Computes the Chatterjee correlation coefficient, a robust measure of dependence. Unlike classical correlation coefficients (Pearson, Spearman), Chatterjee's coefficient measures the degree to which y is a function of x (functional dependence), capturing non-linear relationships.

Characteristics:

  • Functional Dependence: Value is 1 if and only if y is a measurable function of x.

  • Independence: Value is 0 if x and y are independent.

  • Range: The coefficient is theoretically in \([0, 1]\).

  • Asymmetry: The measure is asymmetric; \(C(X, Y) \neq C(Y, X)\). It specifically tests if $Y = f(X)$.

Usage

chatterjee_correlation(x, y)

Arguments

x

A numeric vector (the predictor/independent variable).

y

A numeric vector (the response/dependent variable).

Value

A numeric value representing the Chatterjee correlation coefficient.

A numeric vector containing:

  1. Correlation Coefficient: The Chatterjee correlation estimate.

Details

The coefficient is calculated using the ranks of y when sorted by x. This implementation computes the sample version of the coefficient as described by Chatterjee (2021).

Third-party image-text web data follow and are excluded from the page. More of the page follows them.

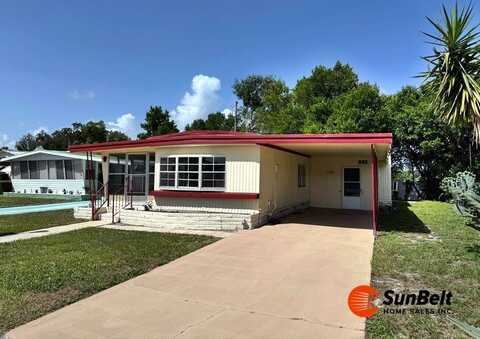 90 Clairmont Avenue, Debary, FL 32713
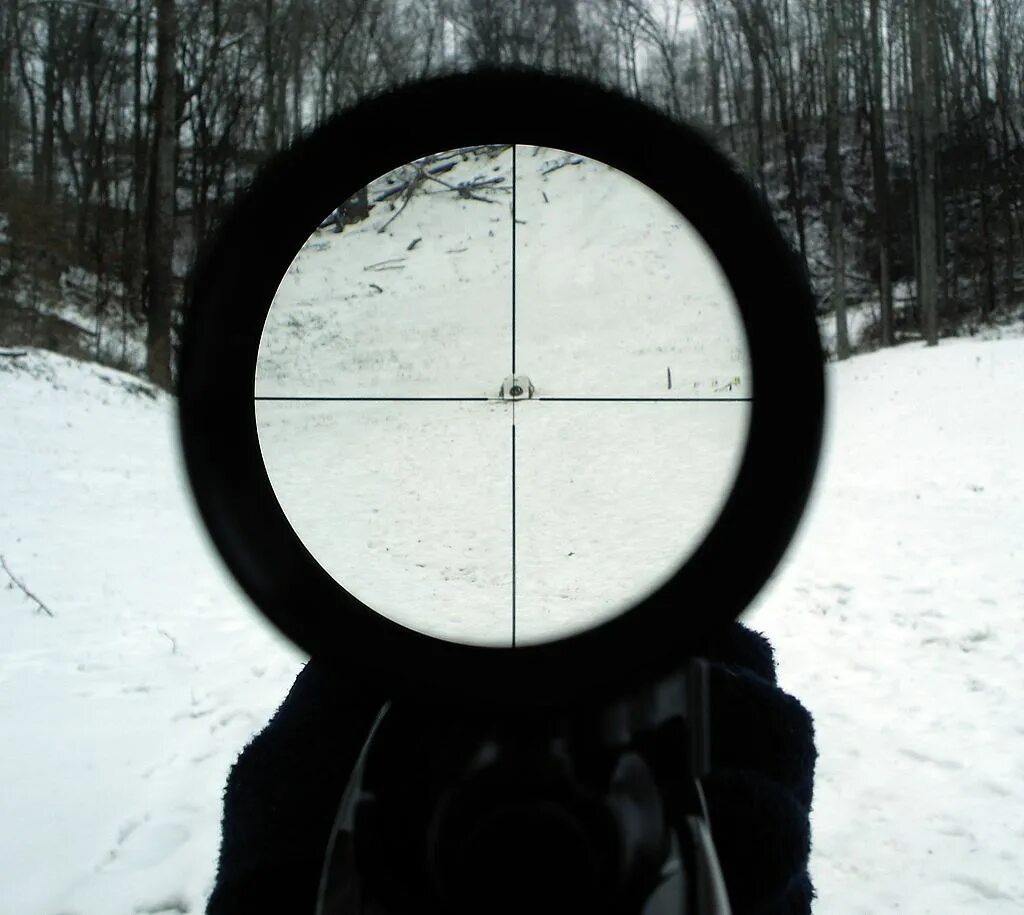 Common scope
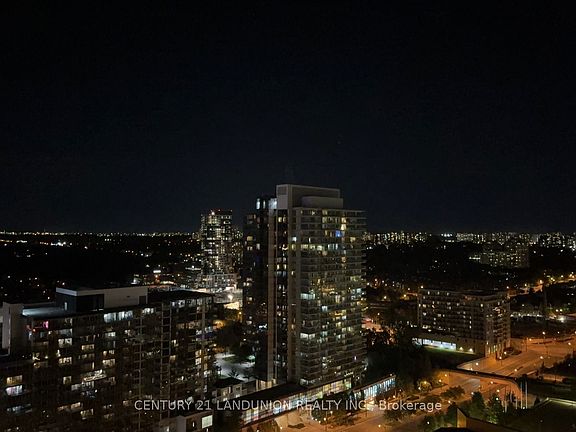 3rd image of 117 McMahon Dr #2509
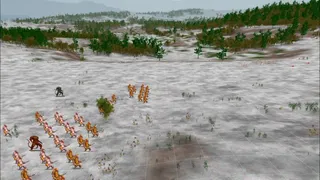 Скриншот 4 к игре Dominions 4: Thrones of Ascension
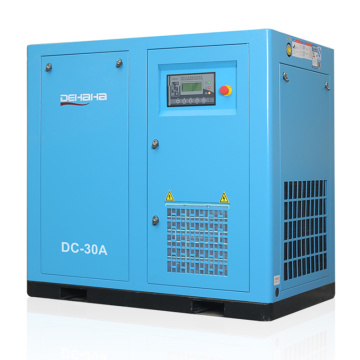 DHH 13 BAR 10 BAR 8 BAR BAR SILEL ELECTRIAT อุตสาหกรรมสกรูสกรูเครื่องอัดอากาศ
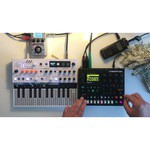 Синтезатор Arturia MicroFreak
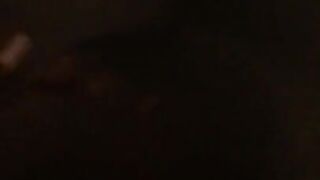 Sucking a Greek cock in a swinging private room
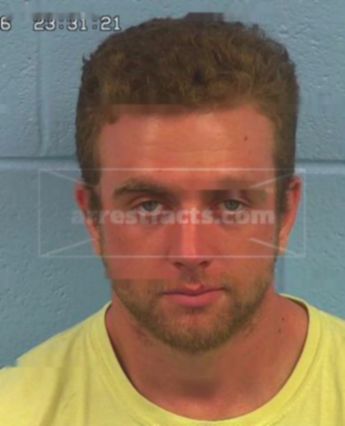 Jordan David Hayes
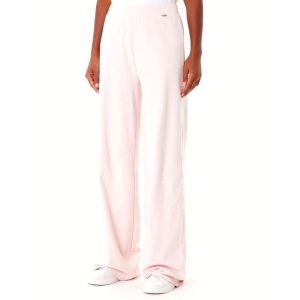 GUESS szabadidő nadrág ELSA rózsaszín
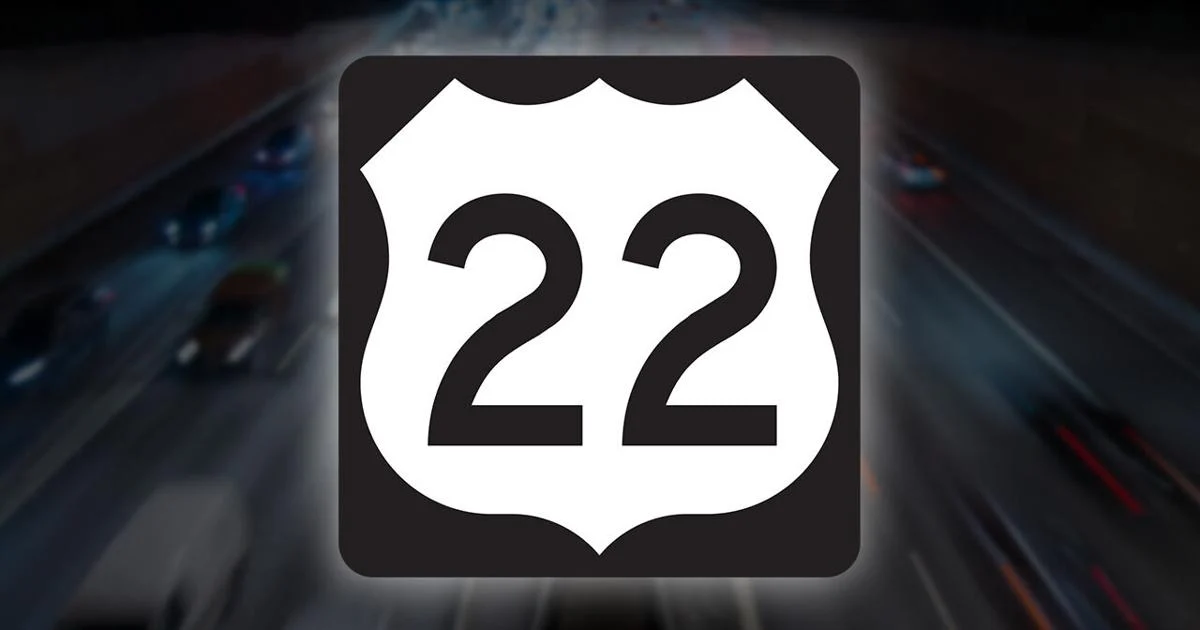 Authorities stop car with PIT maneuver after man leads troopers on pursuit on Route 22 in Bethlehem, state police say | Bethlehem Area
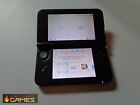 Red Nintendo 3DS XL System  - FAST SHIPPING!  59a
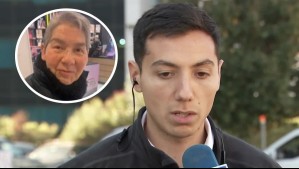 'Pudo ser un acto impulsivo': La hipótesis del sobrino de adulta mayor que desapareció tras viajar a El Quisco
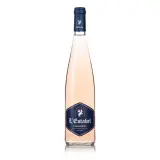 L'ESTABEL AOP Languedoc L'Estabel rosé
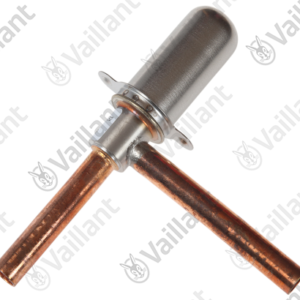 Valve  d'expansion  -  Vaillant  -  ref  0010033535
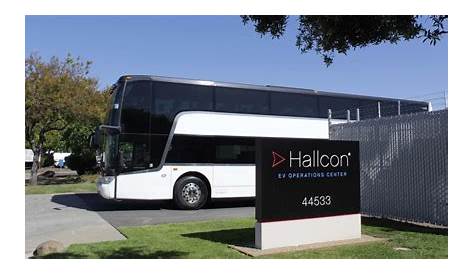 Hallcon Careers Транспортные возможности трудоустройства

Formula: Given pairs \((X_i, Y_i)\), sort them such that \(X_{(1)} \le \dots \le X_{(n)}\). Let \(r_i\) be the rank of \(Y_{(i)}\). The coefficient is: $$ \xi_n(X, Y) = 1 - \frac{3 \sum_{i=1}^{n-1} |r_{i+1} - r_i|}{n^2 - 1} $$

References

Chatterjee, S. (2021). A new coefficient of correlation. Journal of the American Statistical Association, 116(536), 2009-2022.

Examples

# Functional dependence (Y = X^2)
x <- runif(50, -1, 1)
y <- x^2
chatterjee_correlation(x, y) # Should be high (near 1)
#> [1] 0.03601441

# Independence
x <- runif(50)
y <- runif(50)
chatterjee_correlation(x, y) # Should be low (near 0)
#> [1] -0.05402161

# Asymmetry check
chatterjee_correlation(x, y)
#> [1] -0.05402161
chatterjee_correlation(y, x)
#> [1] -0.03721489